[Stored records]
☆ ☆ ☆ ☆
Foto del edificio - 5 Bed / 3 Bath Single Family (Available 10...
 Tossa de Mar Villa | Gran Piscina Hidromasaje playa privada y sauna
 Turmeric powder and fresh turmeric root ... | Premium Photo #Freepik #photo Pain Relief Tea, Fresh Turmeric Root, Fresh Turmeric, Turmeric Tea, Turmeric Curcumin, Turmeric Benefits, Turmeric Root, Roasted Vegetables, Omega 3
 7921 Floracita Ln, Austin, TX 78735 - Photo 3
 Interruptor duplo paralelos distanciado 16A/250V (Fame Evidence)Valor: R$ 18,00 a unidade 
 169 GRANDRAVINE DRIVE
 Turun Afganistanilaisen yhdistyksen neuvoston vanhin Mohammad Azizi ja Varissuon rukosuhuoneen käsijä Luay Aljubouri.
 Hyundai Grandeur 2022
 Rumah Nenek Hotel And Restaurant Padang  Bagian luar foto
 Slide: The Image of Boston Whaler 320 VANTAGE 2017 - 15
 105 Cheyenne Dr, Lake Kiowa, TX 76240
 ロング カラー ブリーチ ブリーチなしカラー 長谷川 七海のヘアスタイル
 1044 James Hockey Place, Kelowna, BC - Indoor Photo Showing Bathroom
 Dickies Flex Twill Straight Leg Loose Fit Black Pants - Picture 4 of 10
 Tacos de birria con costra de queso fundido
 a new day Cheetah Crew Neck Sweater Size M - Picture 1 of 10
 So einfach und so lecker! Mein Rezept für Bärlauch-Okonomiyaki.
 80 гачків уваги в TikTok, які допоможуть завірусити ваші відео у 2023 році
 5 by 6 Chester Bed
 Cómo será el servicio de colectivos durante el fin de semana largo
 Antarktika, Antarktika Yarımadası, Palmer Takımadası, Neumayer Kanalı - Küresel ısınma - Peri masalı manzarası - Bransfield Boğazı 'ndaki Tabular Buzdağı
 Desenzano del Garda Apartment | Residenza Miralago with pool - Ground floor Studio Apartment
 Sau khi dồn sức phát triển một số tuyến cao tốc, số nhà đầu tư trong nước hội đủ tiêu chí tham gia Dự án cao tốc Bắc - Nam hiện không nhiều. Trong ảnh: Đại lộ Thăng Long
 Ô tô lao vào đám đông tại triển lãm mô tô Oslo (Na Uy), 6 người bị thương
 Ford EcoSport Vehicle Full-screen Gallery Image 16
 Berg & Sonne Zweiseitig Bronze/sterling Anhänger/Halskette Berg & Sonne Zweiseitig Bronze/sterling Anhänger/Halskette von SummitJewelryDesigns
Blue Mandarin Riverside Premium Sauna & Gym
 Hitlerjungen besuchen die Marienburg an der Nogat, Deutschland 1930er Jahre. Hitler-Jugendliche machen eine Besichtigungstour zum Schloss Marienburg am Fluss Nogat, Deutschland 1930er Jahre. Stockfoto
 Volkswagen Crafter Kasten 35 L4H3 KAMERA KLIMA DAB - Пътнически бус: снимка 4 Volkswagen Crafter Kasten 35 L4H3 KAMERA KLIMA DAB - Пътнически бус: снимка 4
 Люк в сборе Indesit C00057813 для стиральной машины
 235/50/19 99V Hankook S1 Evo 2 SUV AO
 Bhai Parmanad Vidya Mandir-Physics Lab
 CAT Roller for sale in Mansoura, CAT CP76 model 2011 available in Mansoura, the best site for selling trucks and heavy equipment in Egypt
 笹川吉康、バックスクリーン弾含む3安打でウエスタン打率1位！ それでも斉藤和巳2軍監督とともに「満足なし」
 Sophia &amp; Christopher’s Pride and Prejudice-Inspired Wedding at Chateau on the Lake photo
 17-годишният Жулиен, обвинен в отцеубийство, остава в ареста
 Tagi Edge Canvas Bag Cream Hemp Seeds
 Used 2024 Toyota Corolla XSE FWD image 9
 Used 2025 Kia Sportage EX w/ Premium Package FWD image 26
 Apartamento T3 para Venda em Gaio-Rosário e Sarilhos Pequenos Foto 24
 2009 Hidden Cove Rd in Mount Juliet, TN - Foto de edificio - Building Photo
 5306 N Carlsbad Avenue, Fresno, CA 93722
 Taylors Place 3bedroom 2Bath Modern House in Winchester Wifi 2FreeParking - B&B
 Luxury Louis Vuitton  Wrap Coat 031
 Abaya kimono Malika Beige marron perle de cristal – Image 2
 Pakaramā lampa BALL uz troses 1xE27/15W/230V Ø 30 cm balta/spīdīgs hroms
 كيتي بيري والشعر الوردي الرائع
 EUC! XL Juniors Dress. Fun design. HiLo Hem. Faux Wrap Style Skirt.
☆ ☆ ☆ ☆
**WHAT TO WORK ON:** Please return only the lines above, starting at the line that has "Sau khi dồn" and ending at the line that has "Luxury Louis Vuitton", keeping both and leaving each one unchanged.

**WRITTEN RESPONSE:**
 Sau khi dồn sức phát triển một số tuyến cao tốc, số nhà đầu tư trong nước hội đủ tiêu chí tham gia Dự án cao tốc Bắc - Nam hiện không nhiều. Trong ảnh: Đại lộ Thăng Long
 Ô tô lao vào đám đông tại triển lãm mô tô Oslo (Na Uy), 6 người bị thương
 Ford EcoSport Vehicle Full-screen Gallery Image 16
 Berg & Sonne Zweiseitig Bronze/sterling Anhänger/Halskette Berg & Sonne Zweiseitig Bronze/sterling Anhänger/Halskette von SummitJewelryDesigns
Blue Mandarin Riverside Premium Sauna & Gym
 Hitlerjungen besuchen die Marienburg an der Nogat, Deutschland 1930er Jahre. Hitler-Jugendliche machen eine Besichtigungstour zum Schloss Marienburg am Fluss Nogat, Deutschland 1930er Jahre. Stockfoto
 Volkswagen Crafter Kasten 35 L4H3 KAMERA KLIMA DAB - Пътнически бус: снимка 4 Volkswagen Crafter Kasten 35 L4H3 KAMERA KLIMA DAB - Пътнически бус: снимка 4
 Люк в сборе Indesit C00057813 для стиральной машины
 235/50/19 99V Hankook S1 Evo 2 SUV AO
 Bhai Parmanad Vidya Mandir-Physics Lab
 CAT Roller for sale in Mansoura, CAT CP76 model 2011 available in Mansoura, the best site for selling trucks and heavy equipment in Egypt
 笹川吉康、バックスクリーン弾含む3安打でウエスタン打率1位！ それでも斉藤和巳2軍監督とともに「満足なし」
 Sophia &amp; Christopher’s Pride and Prejudice-Inspired Wedding at Chateau on the Lake photo
 17-годишният Жулиен, обвинен в отцеубийство, остава в ареста
 Tagi Edge Canvas Bag Cream Hemp Seeds
 Used 2024 Toyota Corolla XSE FWD image 9
 Used 2025 Kia Sportage EX w/ Premium Package FWD image 26
 Apartamento T3 para Venda em Gaio-Rosário e Sarilhos Pequenos Foto 24
 2009 Hidden Cove Rd in Mount Juliet, TN - Foto de edificio - Building Photo
 5306 N Carlsbad Avenue, Fresno, CA 93722
 Taylors Place 3bedroom 2Bath Modern House in Winchester Wifi 2FreeParking - B&B
 Luxury Louis Vuitton  Wrap Coat 031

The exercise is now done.